##### SUPPLIED RECORDS #####
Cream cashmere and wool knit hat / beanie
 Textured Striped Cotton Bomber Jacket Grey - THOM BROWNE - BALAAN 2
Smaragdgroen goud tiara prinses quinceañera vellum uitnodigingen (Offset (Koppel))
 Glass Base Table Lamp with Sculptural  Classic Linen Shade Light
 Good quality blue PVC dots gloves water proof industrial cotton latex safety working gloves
#####
EXERCISE DIRECTIONS: A word-for-word copy of the lines from the one with "Smaragdgroen goud tiara" through the end of the listing is what should be returned.

WRITTEN SOLUTION:
Smaragdgroen goud tiara prinses quinceañera vellum uitnodigingen (Offset (Koppel))
 Glass Base Table Lamp with Sculptural  Classic Linen Shade Light
 Good quality blue PVC dots gloves water proof industrial cotton latex safety working gloves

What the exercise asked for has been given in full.